My code snippet reads data from excel ranges. First row and first
column are column headers and row headers respectively. After reding
the range I build a dict.
................'A'..............'B'
'ab'............3................5
'cd'............7................2
'cd'............9................1
'ac'............7................2
d={('ab','A'): 3, ('ab','B'): 5, ('cd','A'): 7, ...
However, as you can see there are two rows that start with 'cd', and
dicts, AFAIK do not accept duplicates.
What is the best workaround for this? Should I discard dicts? Should I
somehow have under 'cd'... a list of values?
One of the difficulties I find here is that I want to be able to
easily sum all the values for each row key: 'ab', 'cd' and 'ac'.
However, using lists inside dicts makes it a difficult issue for me.
What is the best approach for this problem? Can anybody help?
Normall dicts are used if you want to access your data at a later point
in time by the key name.
Do you want to be able to do this?
Then what would you expect to receive for d[('cd','A')] ?
The first value? the second value? both values?
Could you perhaps change further occurences of 'cd' with 'cd1' , 'cd2' ,
'cd3', ... ?
Not knowing your exact context makes it difficult to suggest solutions?
perhaps you could switch to a list containing a tuple of (rowname,rowdict)
l = [ ('ab', { 'A': 3 , 'B': 5 } ),
'cd', { 'A': 7 , 'B': 2 } ),
'cd', { 'A': 9 , 'B': 1 } ),
'ac', { ... }
]
bye
N
> Hello,
>
> My code snippet reads data from excel ranges. First row and first column
> are column headers and row headers respectively. After reding the range
> I build a dict.
>
> ................'A'..............'B'
> 'ab'............3................5
> 'cd'............7................2
> 'cd'............9................1
> 'ac'............7................2
>
> d={('ab','A'): 3, ('ab','B'): 5, ('cd','A'): 7, ...
>
> However, as you can see there are two rows that start with 'cd', and
> dicts, AFAIK do not accept duplicates.
> One of the difficulties I find here is that I want to be able to easily
> sum all the values for each row key: 'ab', 'cd' and 'ac'. However,
> using lists inside dicts makes it a difficult issue for me.

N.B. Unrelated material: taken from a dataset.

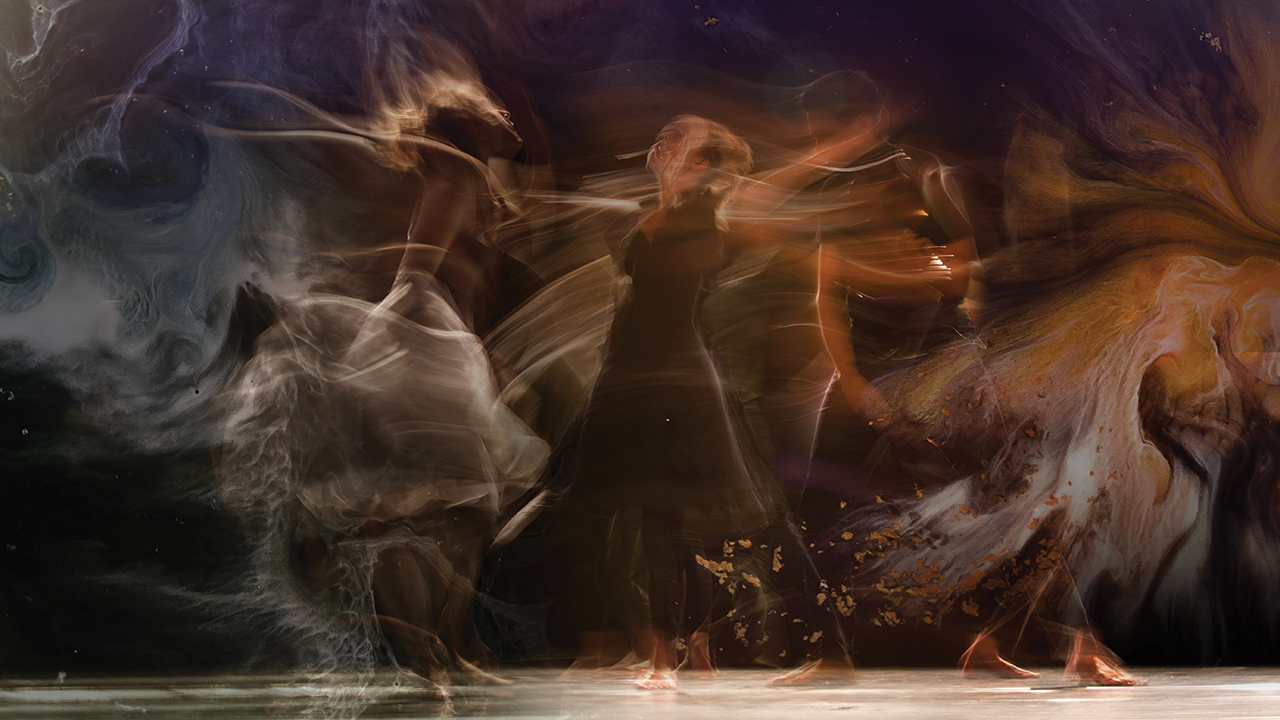 Photo collage by Hannah Gerig Meyer with photos by Ahmad Odeh and Joel Filipe on unsplash.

Given the sample above, what answer do you expect for summing the 'cd'
row? There are four reasonable answers:
7 + 2 = 9
9 + 1 = 10
7 + 2 + 9 + 1 = 19
Error
You need to decide what you want to do before asking how to do it.
--
Steven
Steven,
What I need is that sum(('cd','A')) gives me 16, sum(('cd','B')) gives
me 3.
I apologize for not having made it clear.

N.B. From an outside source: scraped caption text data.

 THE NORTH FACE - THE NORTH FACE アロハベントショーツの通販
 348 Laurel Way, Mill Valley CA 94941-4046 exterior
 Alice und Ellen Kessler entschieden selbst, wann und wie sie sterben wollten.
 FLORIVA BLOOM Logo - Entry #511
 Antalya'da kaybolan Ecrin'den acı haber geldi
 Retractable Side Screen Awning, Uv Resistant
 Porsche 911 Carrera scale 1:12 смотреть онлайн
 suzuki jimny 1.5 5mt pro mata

But you really *do* want lists inside the dict if you want to be
able to call sum() on them. You want to map the tuple ('cd','A')
to the list [7,9] so you can sum the results. And if you plan to
sum the results, it's far easier to have one-element lists and
just sum them, instead of having to special case "if it's a list,
sum it, otherwise, return the value". So I'd use something like
import csv
f = file(INFILE, 'rb')
r = csv.reader(f, ...)
headers = r.next() # discard the headers
d = defaultdict(list)
for (label, a, b) in r:
d[(label, 'a')].append(int(a))
d[(label, 'b')].append(int(b))
# ...
for (label, col), value in d.iteritems():
print label, col, 'sum =', sum(value)
Alternatively, if you don't need to store the intermediate
values, and just want to store the sums, you can accrue them as
you go along:
d = defaultdict(int)
for (label, a, b) in r:
d[(label, 'a')] += int(a)
d[(label, 'b')] += int(b)
# ...
for (label, col), value in d.iteritems():
print label, col, 'sum =', value
Both are untested, but I'm pretty sure they're both viable,
modulo my sleep-deprived eyes.
-tkc
Have you tried xlread ? (http://www.python-excel.org/)
Best,
-- Yinon